By Omar Bah
Activist and political researcher, Sait Matty Jaw, has advised National Assembly Members to stop politicising matters of national interest or unnecessarily bowing to public pressure to avoid throwing away potential good laws too easily.
Speaking in reaction to the number of bills rejected in the Assembly during the just concluded ordinary session, Mr Jaw said he has observed a trend where members will reject any bill they feel they don’t like or public perception does not seem to support.
“They don’t even ask what the constitution or their standing order says about issues but blindly follow the public debate and, in the process, ignore the issue and all relevant information and law. Of course, people centered debates are necessary, but as a citizen my expectation is that they will explore all information available and further engage where they need clarity because it is laziness to kill debate or progressive laws prematurely just because they are controversial or sensitive.”
“We just pick sides and sometimes on very parochial issues and that is not the way to build a country especially one that has been chained for two decades. The role of leaders is to lead and leadership includes communicating and engaging constituents, asking and answering the hard questions. Now, when you summarily kill a bill, my question is what message are you really sending? ” he asked.
Jaw said Gambians want performing politicians not those that derelict their duties when in public office and engage in unending partisan politics, or those that opt for the easy way out. “The country needs politicians who are able to make the tough decisions that are necessary for the progress, peace and prosperity of our beloved nation today, and many years from today,” he added.
In the same vein, the activist said politicians particularly those in public office must be able to separate policy and politics.
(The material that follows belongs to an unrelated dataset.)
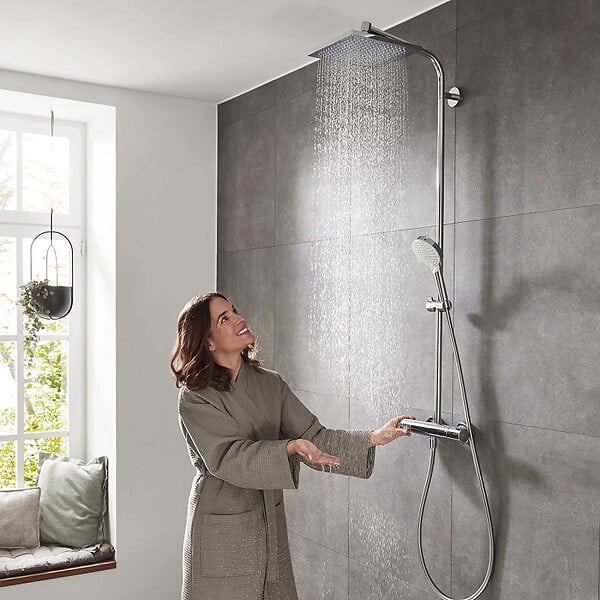 HANSGROHE - Hansgrohe Colonne de douche Crometta E 240 EcoSmart + cadeau gratuit tapis de salle de bain, anthracite (27281000-DAN) - large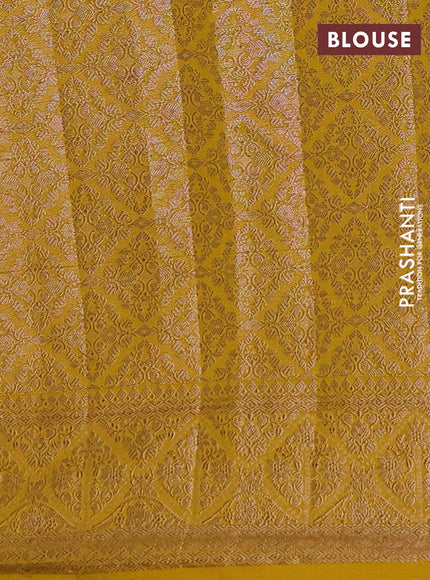 Semi chiniya silk saree coffee brown and dark mustard with allover thread & zari weaves and woven border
“Policy is addressing the problems of society through inclusive means even where they don’t understand the direction whereas politics in this context is protecting “oneself”. It is very easy now to recognise those doing politics and those engaging in policy debates at the National Assembly thanks to live broadcasting of Assembly proceedings. Our duty as practitioners and academics is to document this and present it to the public for their consumption. In the process, identify those that are doing the collective bargain and those focusing on sectarian interest,” he concluded.